Mrs. Mary E. (Martin) KEISER was born in Jessamine County, KY., Jan 22, 1833, and removed with her parents when a small child to Morgan County, Ill. Her father, Preston Martin, was a native of Virginia, born about 1808. He left the Old Dominion when a young man, taking up his abode in the Blue Grass regions, and was married to Miss Elizabeth Burks. They became the parents of nine children, three of whom died when young. Six are still living. The family removed to Morgan County, Ill., about 1840 and were residents of Illinois a period of twenty-four years, coming thence to Nebraska. The father took up a tract of land, in 1864, on the Little Muddy, in Richardson County, and lived there until the death of his wife, in April, 1879. Two years later he sold out, and thereafter made his home with his children until his death, Dec., 9, 1887. He was a good man in the broadest sense of the term, conscientious in the performance of every duty, and respected by his neighbors.
The father of Nimrod Keiser was John KEISER, a native of Pennsylvania, and born in 1798. He was a millwright by trade, and spent his entire life in his native State, traveling nearly all over it in the pursuance of his trade.

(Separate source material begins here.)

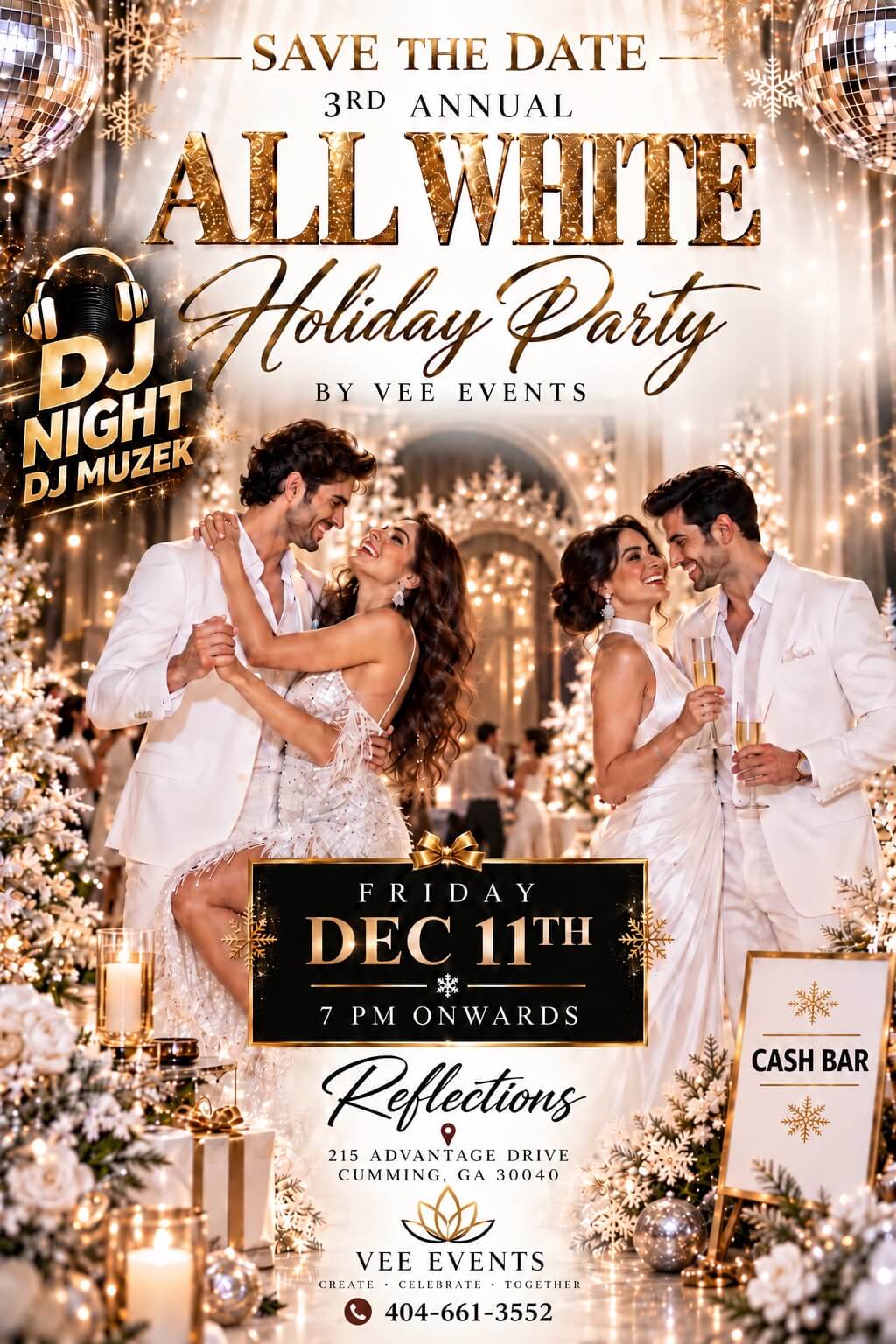3rd Annual All White Holiday Party by Vee Events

He married Miss Hannah BROWN, and they became the parents of two children, Nimrod and John, Jr., His first wife died, and he was then married to a Miss DILLENER. He finally removed to Fayette County, Pa., where he spent his last days, his death occurring about 1865.
When Mr. Keiser came to this section none of the uplands were improved, only a small spot here and there along the streams. Deer, wild game of all kinds, and wolves were plentiful. In assisting to subdue a portion of the primitive soil, and in the construction of one of the best homesteads in this county, Mr. Keiser has contributed his full quota to its development and prosperity. In politics he is a stanch Republican.